3. The Rationing Case

The case for a regime of PCAs is often compared to the case for rationing essential supplies during World War II. Such a case appeals to the claim that, left to its own devices, the market would provide an unacceptable distribution of a particular good or group of goods. The distribution may be considered unacceptable because it would allow some agents to evade their moral responsibilities, because it would result in the denial of some agents' basic needs or prevent them from developing central capabilities,13 because it would be too unequal, or for other reasons. The concern that motivated rationing during World War II, for example, was a desire to ensure that particular needs—for food and fuel and so on—were universally met during times of scarcity (hence expectant mothers and children were allowed more milk and eggs than others, reflecting their different nutritional needs). Although the motivations that may underlie a case for rationing PCAs are diverse, they have one important feature in common: They all insist on the moral importance of maintaining a particular patterned distribution of some particular good across individuals in society—either PCAs themselves or some other emission-dependent good or group of goods. As such, a central implication of the rationing case is that it requires that PCAs not be tradable. PCAs must not be tradable in order to avoid creating a new market in PCAs that will determine the distribution of emissions, offering no guarantees that the moral concerns of those moved by the rationing case will be catered for.

Note that the rationing case does not necessarily require that we equalize PCAs, depending on the motivation that underlies the case. The basic needs motivation, for example, requires only that everyone has sufficient PCAs to meet their basic needs; if any extra PCAs beyond those required for sufficiency are left within the overall limit, the basic needs motivation is neutral on how they ought to be shared out. It is even possible to be motivated by equality without being committed to equalizing PCAs, depending on what it is that we want to equalize. If one is concerned to equalize access to the rationed good itself, then one will indeed want to distribute PCAs equally. But it will often not be the rationed good itself that is important, but some other good which the rationed good is instrumental to promoting. One might, for example, think it important to equalize people's ability to keep their houses warm, and on that basis ration PCAs unequally, because it requires more energy to keep some houses warm than others.

How strong is the case for rationing? Many economists and politicians have opposed non-tradable PCAs because, unlike tradable PCAs, they will not yield emissions cuts in the most economically efficient manner.

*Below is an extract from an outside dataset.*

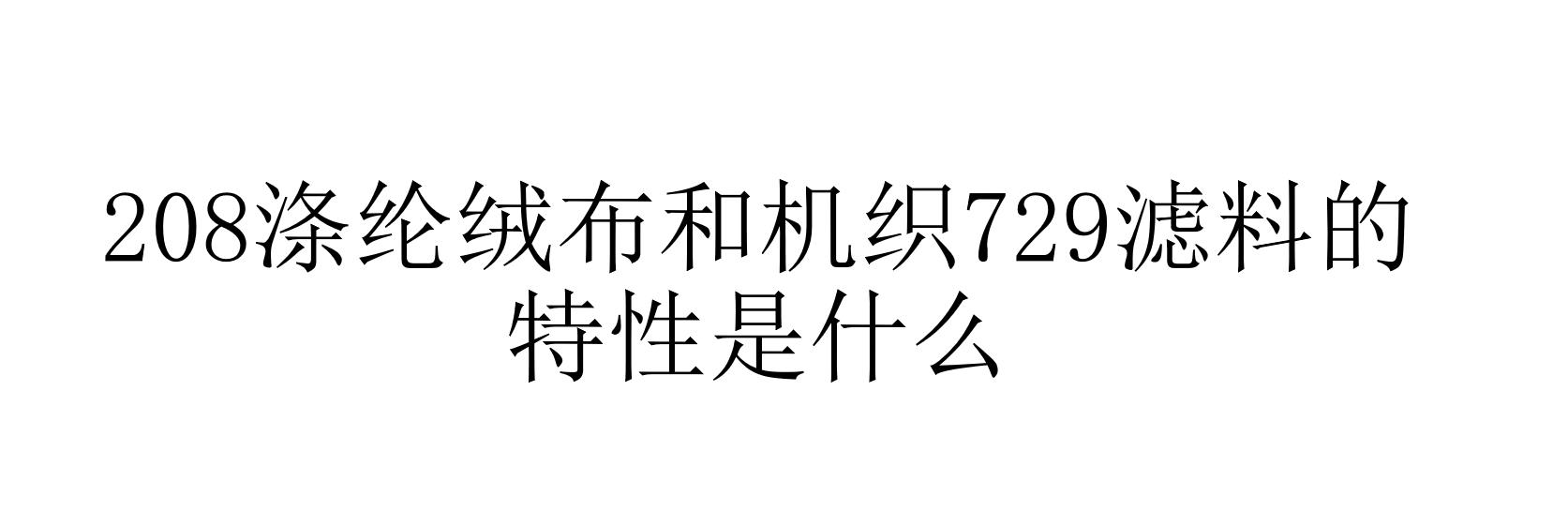 208滌綸絨布和機(jī)織729濾料的特性是什么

This is an important consideration, but it need not be the decisive one. If there are strong moral reasons for rationing, then we might decide that those reasons are ultimately more important than the economic considerations. So let me restate the question of present interest: how strong is the moral case for rationing non-tradable PCAs? There is, of course, no one general answer to this question. The strength of the case for rationing depends on the strength of the arguments in its favor, and we must consider the merits of each such argument individually.

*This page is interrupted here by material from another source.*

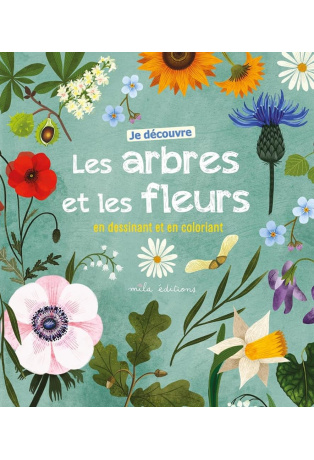 Je découvre les arbres et les fleurs en dessinant et en coloriant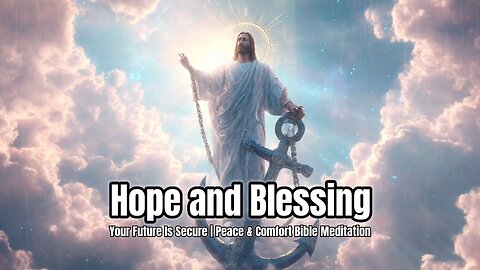 Hope and Blessing | Peace & Comfort Part 7 | 8-Minute Bible Meditation for Future & Hope #dailybible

3.1 A Duty to Reduce One's Own Emissions

First, one argument for rationing non-tradable PCAs says that everyone has a duty significantly to reduce their own greenhouse gas emissions and not merely to buy their way out of such reductions. This mirrors a case against trading at the international level put by Sandel, who writes that “turning pollution into a commodity to be bought and sold removes the moral stigma that is properly associated with it.”14 The argument seems to me implausible. Why should we account for agents' shares of the collective burden to address climate change in terms of greenhouse gas emissions rather than in terms that allow agents to discharge their share of the collective burden in whatever manner they would most prefer to do so? Agents who would buy extra PCAs if given the opportunity to do so would still be making a sacrifice as a result of the cap on emissions imposed by the system of PCAs. Their sacrifice would be paid for in monetary terms rather than greenhouse gas emissions, but the disvalue of the burden shouldered would be identical—in market terms—to the disvalue of forgoing the quantity of emissions permitted by the purchased PCAs. Sandel compares buying emission permits to paying a fee in order to throw a beer can into the Grand Canyon. But the analogy is flawed, since the emissions of an agent who buys extra permits remain within the overall limit of permissible collective emissions, whereas any beer cans thrown into the Grand Canyon exceed the number of beer cans—none—which can be permissibly thrown into the Grand Canyon.15

3.2 Basic Needs and Central Capabilities

A second argument for rationing non-tradable PCAs is that a trade in PCAs could result in some agents being unable to satisfy basic needs, or to develop central capabilities, because they have insufficient access to emission-dependent goods. Shue endorses a position along these lines, justifying the rationing of emission rights by reference to what he calls subsistence rights.16 The problem with this argument is that a trade in PCAs would not, provided that PCAs are initially allocated in an appropriate manner, prevent agents from satisfying their basic needs, or developing their central capabilities, unless they chose to trade away their PCAs. So this argument requires a commitment to the claim that emission-dependent needs or capabilities should be satisfied even if the agent would prefer to satisfy alternative desires instead. Again, I find this claim highly implausible. At best such paternalism is unnecessary, and at worst it can be positively harmful. If the relevant needs or capabilities really are so important, then they will be given priority among an agent's own preferences anyway. And if they are not so important, then why should we enforce our own view about what is best for an agent over their own?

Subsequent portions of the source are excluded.